Published on Tuesday, October 31, 2017

Introduction

  • Bill of exchange and promissory note are types of negotiable instrument act. A bill of exchange or a promissory note is payables either to the order or bearer deemed as the instruments under the negotiable instrument act, 1881.
  • A bill of exchange is a type of negotiable instrument raised from the trade transactions. A promissory note is undertaken from the borrower to pay a certain sum of amount to the lender.

Bill of Exchange

  • Bill of exchange comes under section 5 of negotiable instrument act, 1881 "A bill of exchange is an instrument in writing containing an unconditional order signed by the maker directing a certain person to pay a certain sum of money to the order a certain person or to the bearer of the instrument"
  • It is an agreement between two party customer and seller used mainly in global trade.
  • Bill of exchange is a documentation that a buyer party has accepted to pay a selling party a sum of money at a proposed time for delivered goods and services.
  • Both the parties generally engage with the bank to issue a bill of exchange due to a risk associated with trading.
  • The acceptor of a bill of exchange is liable to settle his liability as a principal debtor under the act.

Types of Bill of Exchange

1) Trade bill
2) Accommodation bill

Characteristics of Bill of Exchange

  • In a bill of exchange, there must be a proper dated and amount must be specific.
  • It must carry an order it means the drawer of the bill of exchange directs the drawee to pay a certain sum to the payee.
  • The drawee must accept the bill.

Promissory Note

  • The promissory note comes under the section 5 of negotiable instrument act, 1881 " A promissory note is an instrument in writing, contains an unconditional undertaking, signed by the maker to pay a certain sum of a company only to the order of the certain person to the bearer of the instrument. 
  • The promissory note is in written and signed by the maker, who is a promisor, is a negotiable instrument.
  • It is an undertaking from the buyer to pay a certain sum of money to the lender.
  • The person to whom payment is guaranteed is called a payee or owner.
  • A promissory note can be either payable on demand or at a specific time.

Characteristics of Promissory Note

  • The promissory note is a written promise with specific due to pay money to the lender 
  • There must be a signature of the drawer.
  • Both the promisor and promise must be certain.

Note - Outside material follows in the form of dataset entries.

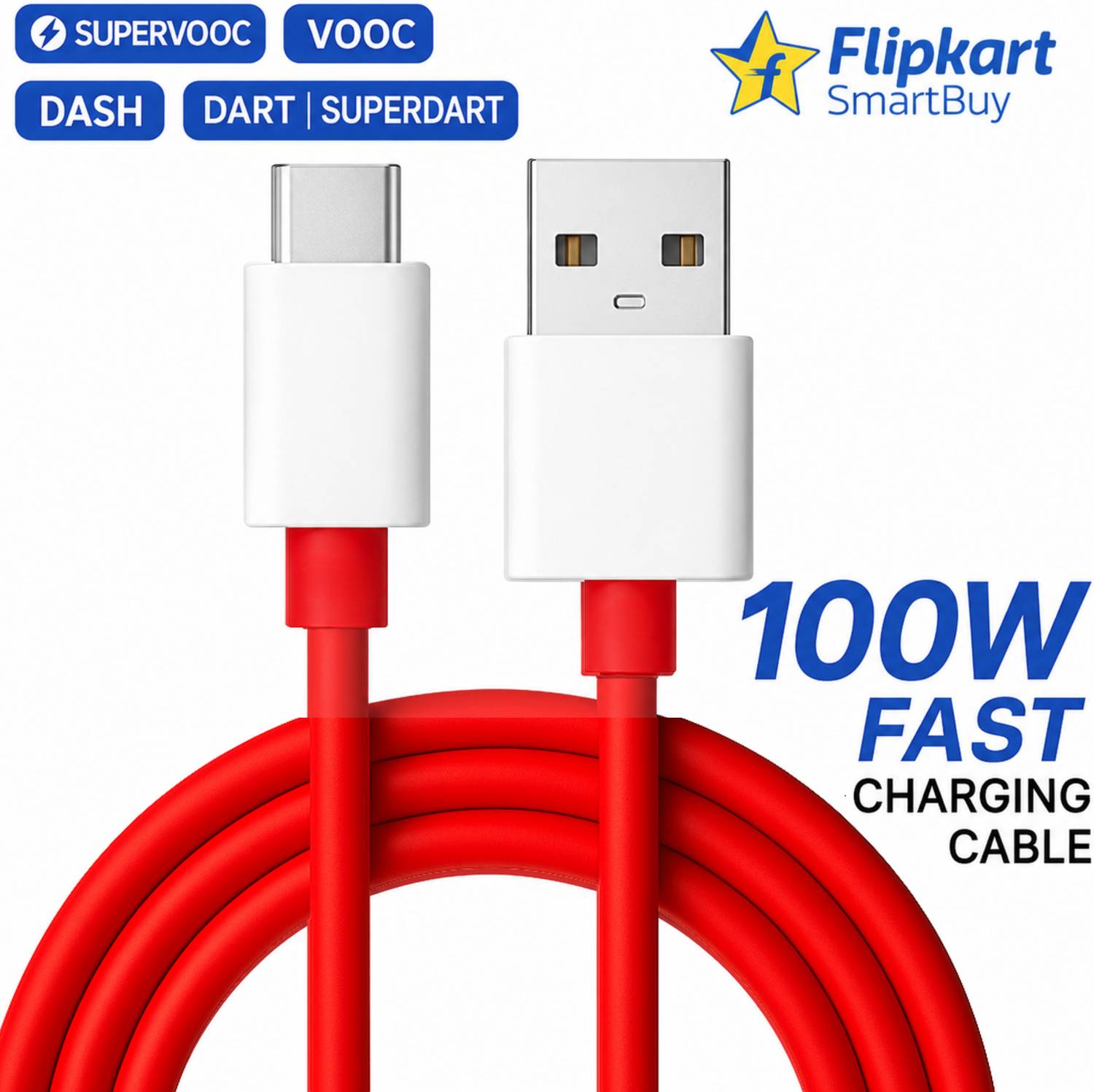 Flipkart Smartbuy 1m 100W SuperVOOC USB Type C Cable - Image 1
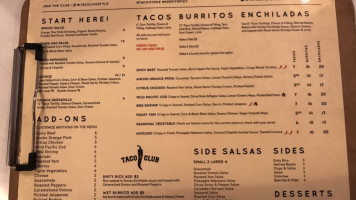 Taco Club menu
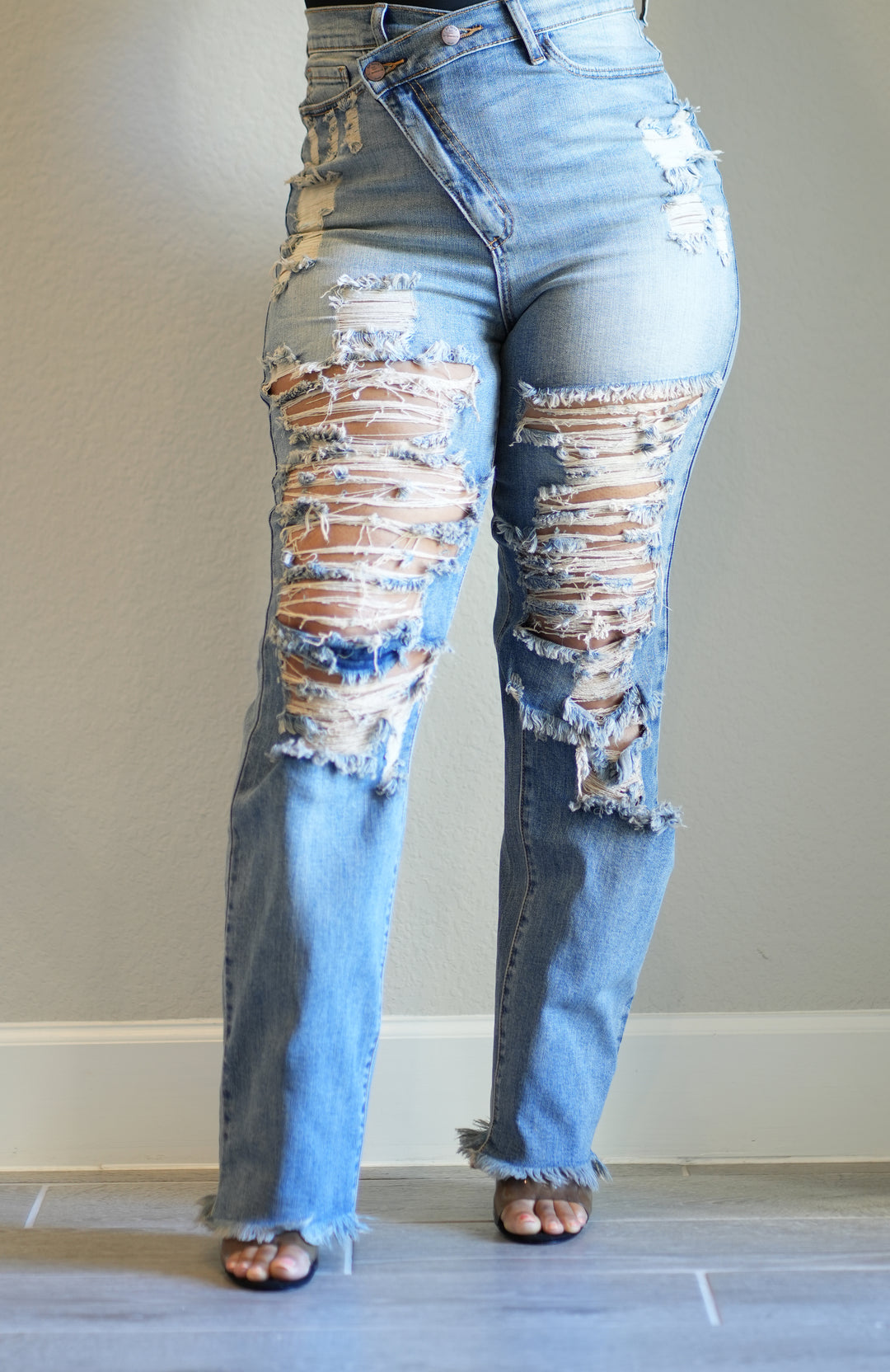 Rip the Runway Cross Waist Jeans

Difference Between Bill of Exchange and Promissory Note

Parties Involved:

In a bill of exchange, there are three parties i.e. the drawer and the drawee an payee. While in a promissory note there are only two parties i.e. the maker and the payee.

Type of Payment

In a bill of exchange, the nature of payment is unconditional order to pay while in a promissory note, it is unconditional promise to pay.

Acceptance

A bill of exchange requires an acceptance of the drawee before it is presented for payment. In a promissory note, there is no need to accept as it is signed by the person who is responsible to pay.

Accountability

The liability of a drawer in a bill of exchange is secondary and conditional. In a promissory note, the liability of maker is primary and absolute.

Notice of Dishonor

In a bill of exchange, if the payment fails in that case notice must be given to all persons are responsible to pay. In a promissory note, the notice of dishonour to the maker is not necessary.

Protest

In a bill of exchange, there must be a protection in case of dishonour while in a promissory note there is no protest at all.

Position of Maker

In a promissory note, the make has an immediate relationship with the payee while in bill of exchange drawer is in an immediate relationship with the acceptor and not with the payee.

Copies

A promissory note cannot be drawn in sets while a bill of exchange can be drawn in sets

Payable to bearer.

A promissory note cannot be made payable to a bearer, while a bill of exchange can be so drawn provided it is not payable to bearer on demand.

Payable to Maker

In a promissory note, the maker cannot pay to himself. In the case of a bill of exchange, the drawer and the payee can be one person.